Posted Monday, March 4, 2024

As it turns out this is a little more complicated than I expected, even when you start with a larger chassis. My drive to do this, a combination of power requirements, storage space and actually can it be done!

The Chassis

I have several of these from an older project

These are 4RU in height, wide and deep enough to sit on a 19" rack shelf and cabinet and are quite old now, >10 years. They were bought for a project which did not get much passed the development stage.

They came from here BackBlaze and I believe you can still order the chassis although no longer sold as a working solution, such that you have to outfit them yourself.

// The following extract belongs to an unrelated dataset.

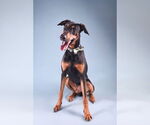 Small #1 Doberman Pinscher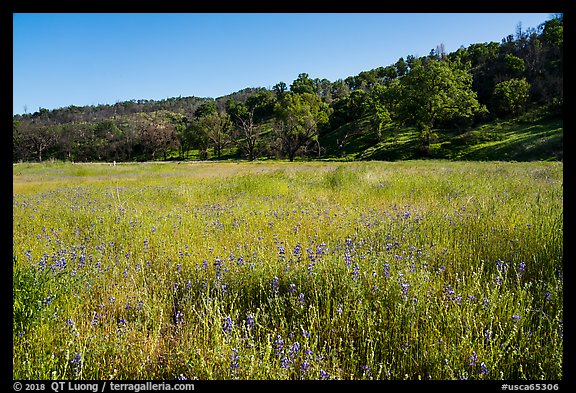 Meadow with wildflowers, Cache Creek Wilderness. Berryessa Snow Mountain National Monument, California, USA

I have put them on ebay on more than one occasion but never got the price I thought they were worth, so just kept them. In all seriousness I probably should have sold them, however I have 3 that were fitted out and 2 empty chassis. There are some covers missing from one, but I digress a litle.

If you open the large cover you find it has a location for 3 1/2 45 disks, see the link above, it goes into plenty of detail.

The drives sit in the grid and the vibration of the disks spinning is dampened by some rubber bands, you can see a couple in the picture.

The drives are hot swappable and plug directly into a PCB, of which there are 9, each controlling 5 drives. The controller cards are actually just SATA port expanders, and in comparison to many port expanders work relatively well.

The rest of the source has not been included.